Folwell may have convinced his legislative colleagues that the system required change and received good marks from Democrats and Republicans for an inclusive process in what is often a roiling sea of petty partisanship. But that didn’t mean it was a love feast. Greensboro lawyer Dan Deuterman spent more than $100,000 on TV and radio ads, fliers and billboards to try to thwart the legislation. Berger, part of a Senate that voted unanimously for it, says not everyone was certain the legislation was needed. Workers’ comp claims are lower than in surrounding states, and overall cost is about on par with them. Opponents contended that the real beneficiaries will be insurers.

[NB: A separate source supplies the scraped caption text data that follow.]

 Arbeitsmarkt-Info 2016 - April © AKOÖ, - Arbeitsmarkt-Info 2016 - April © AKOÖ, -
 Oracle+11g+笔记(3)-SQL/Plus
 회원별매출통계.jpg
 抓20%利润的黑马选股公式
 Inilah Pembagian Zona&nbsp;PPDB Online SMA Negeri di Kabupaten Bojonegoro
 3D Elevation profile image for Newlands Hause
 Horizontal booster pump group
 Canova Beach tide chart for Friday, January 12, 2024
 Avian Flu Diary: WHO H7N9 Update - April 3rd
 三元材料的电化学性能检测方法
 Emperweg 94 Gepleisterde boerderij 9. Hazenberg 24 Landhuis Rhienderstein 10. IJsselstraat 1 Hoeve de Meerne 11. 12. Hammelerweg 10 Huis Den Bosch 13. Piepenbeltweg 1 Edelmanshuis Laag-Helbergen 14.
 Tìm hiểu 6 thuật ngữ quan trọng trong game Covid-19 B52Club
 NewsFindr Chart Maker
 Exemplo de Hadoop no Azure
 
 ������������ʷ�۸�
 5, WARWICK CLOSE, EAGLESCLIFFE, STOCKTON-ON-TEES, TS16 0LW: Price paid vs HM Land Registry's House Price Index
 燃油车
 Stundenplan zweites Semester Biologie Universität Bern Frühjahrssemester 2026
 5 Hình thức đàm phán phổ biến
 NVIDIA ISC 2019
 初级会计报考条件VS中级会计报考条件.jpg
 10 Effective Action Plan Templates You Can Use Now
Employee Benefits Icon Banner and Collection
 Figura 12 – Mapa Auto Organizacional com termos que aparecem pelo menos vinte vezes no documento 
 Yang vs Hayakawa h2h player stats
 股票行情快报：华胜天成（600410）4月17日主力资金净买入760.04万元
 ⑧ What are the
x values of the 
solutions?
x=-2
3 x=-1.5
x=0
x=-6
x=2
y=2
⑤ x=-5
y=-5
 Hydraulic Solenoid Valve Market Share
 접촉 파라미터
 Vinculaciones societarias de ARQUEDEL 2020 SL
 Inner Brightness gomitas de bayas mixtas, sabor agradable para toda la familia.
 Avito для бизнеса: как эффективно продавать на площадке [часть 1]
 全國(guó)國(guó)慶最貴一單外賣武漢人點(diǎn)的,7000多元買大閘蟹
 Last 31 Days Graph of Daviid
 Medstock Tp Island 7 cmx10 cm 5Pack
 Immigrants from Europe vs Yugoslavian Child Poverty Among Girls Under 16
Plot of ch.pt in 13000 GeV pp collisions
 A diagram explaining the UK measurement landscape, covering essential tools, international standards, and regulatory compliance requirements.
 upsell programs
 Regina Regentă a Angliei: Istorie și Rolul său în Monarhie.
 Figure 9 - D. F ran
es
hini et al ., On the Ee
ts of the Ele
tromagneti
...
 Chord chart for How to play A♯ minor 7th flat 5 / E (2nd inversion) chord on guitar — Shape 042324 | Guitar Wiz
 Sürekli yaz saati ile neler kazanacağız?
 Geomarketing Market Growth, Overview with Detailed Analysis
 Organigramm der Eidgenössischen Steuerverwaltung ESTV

Folwell’s response: Many of the largest employers are self-insured. The biggest, the state of North Carolina and its taxpayers, may reap the greatest savings, which financial analysts at the General Assembly estimate might eventually reach $2 million a year. “Eventually” is the key word, though. The benefits of the legislation won’t be known for another decade. The changes don’t affect anyone with a claim before the law went into effect Oct. 1. Analysts speculate that they might lead to quicker, less costly settlements when workers file claims, but that’s speculation. Significant savings won’t be seen until that 10-year limit on benefits kicks in a decade from now.
Folwell predicts another benefit, one that may prove even harder to quantify: job growth. No longer can economic developers in other states wield North Carolina’s open-ended benefits as a weapon in the battle to land new industry. There’s another possible benefit: The process by which legislators worked out workers’ comp reform, opting for effectiveness over partisan advantage, might serve as a model for how divided government in this state should work..
Scott Mooneyham is the editor of The Insider, www.ncinsider.com.